SCOTUS Rejects Cases by NC, Pa. Legislatures to Reverse Court-Imposed Gerrymandering

'Political activism from the bench on this issue is inexcusable and unfairly cuts elected members of the legislature out of the process...'

(Headline USA) The Supreme Court has turned away efforts from Republicans in North Carolina and Pennsylvania to block state court-ordered congressional districting plans more favorable to Democrats.

In separate orders late Monday, the justices are allowing maps selected by each state’s Supreme Court to be in effect for the 2022 elections.

In North Carolina, the map most likely will give Democrats an additional House seat in 2023.

“The North Carolina General Assembly has the constitutional right to determine our congressional maps here in the Tar Heel State,” said Michael Whatley, chairman of the North Carolina Republican Party in a March 2 statement. “Political activism from the bench on this issue is inexcusable and unfairly cuts elected members of the legislature out of the process.”

The Pennsylvania map also probably will lead to the election of more Democrats, the Republicans said, as the two parties battle for control of the House of Representatives in the midterm elections.

The cases were a longshot as the court previously ruled that it had no authority over partisan gerrymandering cases involving states.

Although the state constitutions vest the power for redistricting with the legislatures—both of which are controlled by the GOP, activist lawsuits have made it automatically a matter for the state courts to decide.

In North Carolina, for instance, activists led by Eric Holder’s National Democratic Redistricting Committee had pre-emptively filed lawsuits even before the legislature submitted its map for the recent round of redistricting.

The deciding vote on the state’s narrowly divided Supreme Court was Judge Anita Earls, a former left-wing activist whom the NDRC paid hundreds of thousands of dollars to install on the court in 2018.

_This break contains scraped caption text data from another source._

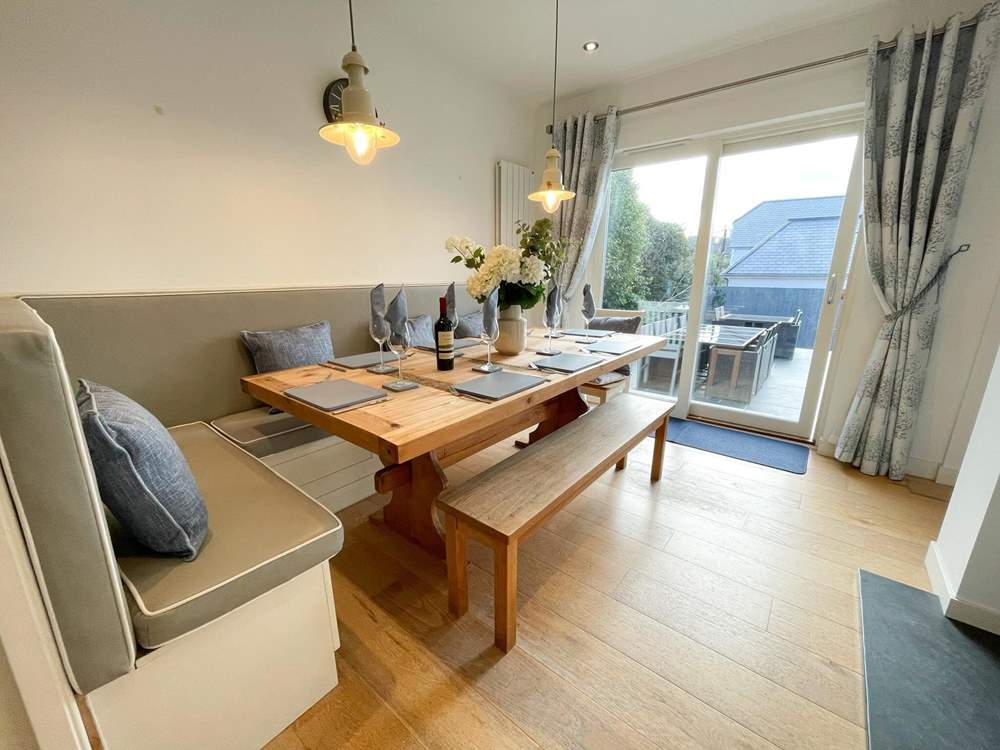 The dining area has sliding doors onto the patio.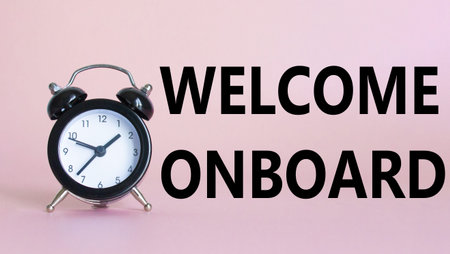 Welcome onboard symbol. Concept words Welcome onboard on Beautiful pink background with alarm clock....
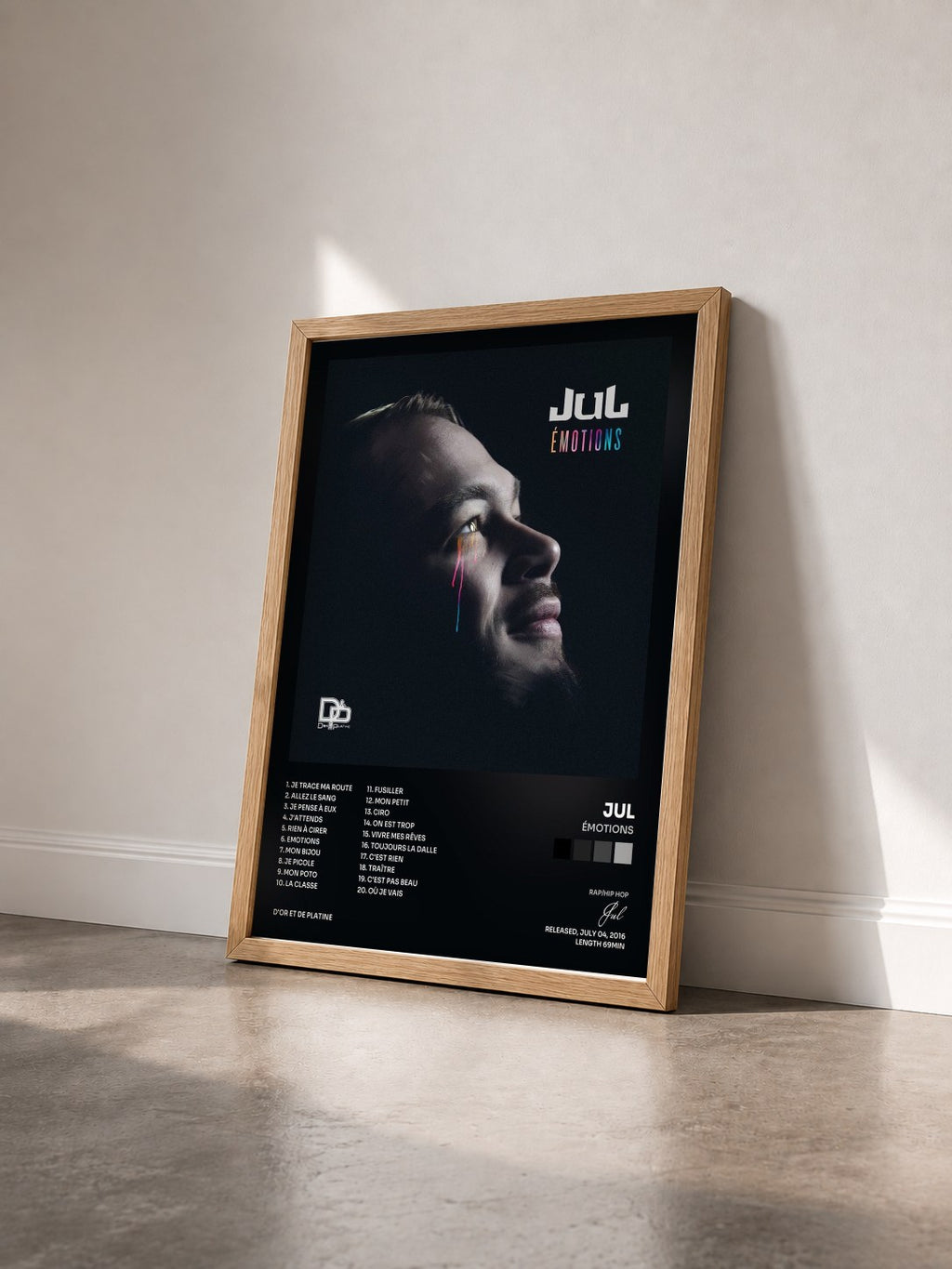 #bois Tableau de l'album Émotions de Jul vu de trois quarts, cadre en bois brut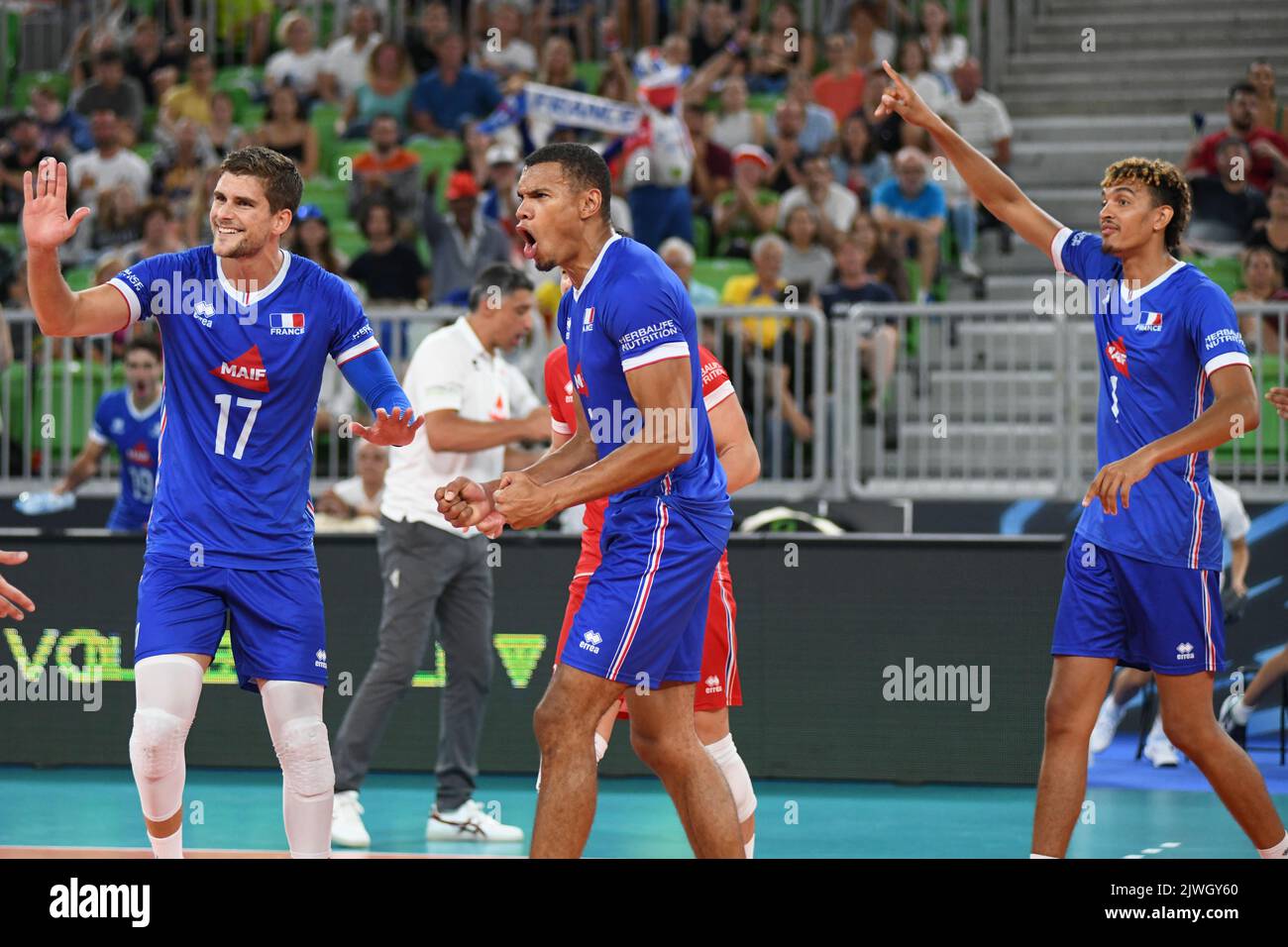 France celebrate the win against Japan. Volleyball World Championship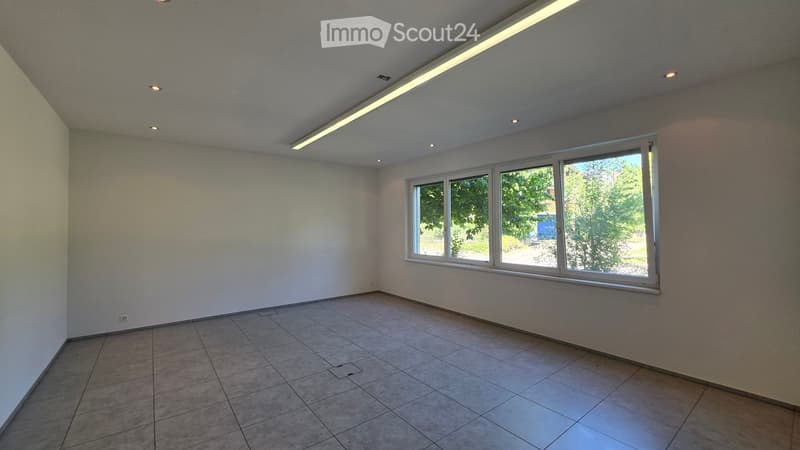 Empty room with tiled floor, white walls, and large windows letting in natural light. No furniture or equipment present.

While the US Supreme Court did not stop the court-ordered plans from being used in this year’s elections, four conservative justices indicated they want it to confront an issue that could dramatically limit the power of state courts over federal elections in the future.

“We will have to resolve this question sooner or later, and the sooner we do so, the better,” Justice Samuel Alito wrote in a dissent from the Supreme Court’s order, joined by Justices Neil Gorsuch and Clarence Thomas. “This case presented a good opportunity to consider the issue, but unfortunately the court has again found the occasion inopportune.”

Justice Brett Kavanaugh made a similar point, but said he didn’t want to interfere in this year’s electoral process, which already is underway. The filing deadline in North Carolina was Friday.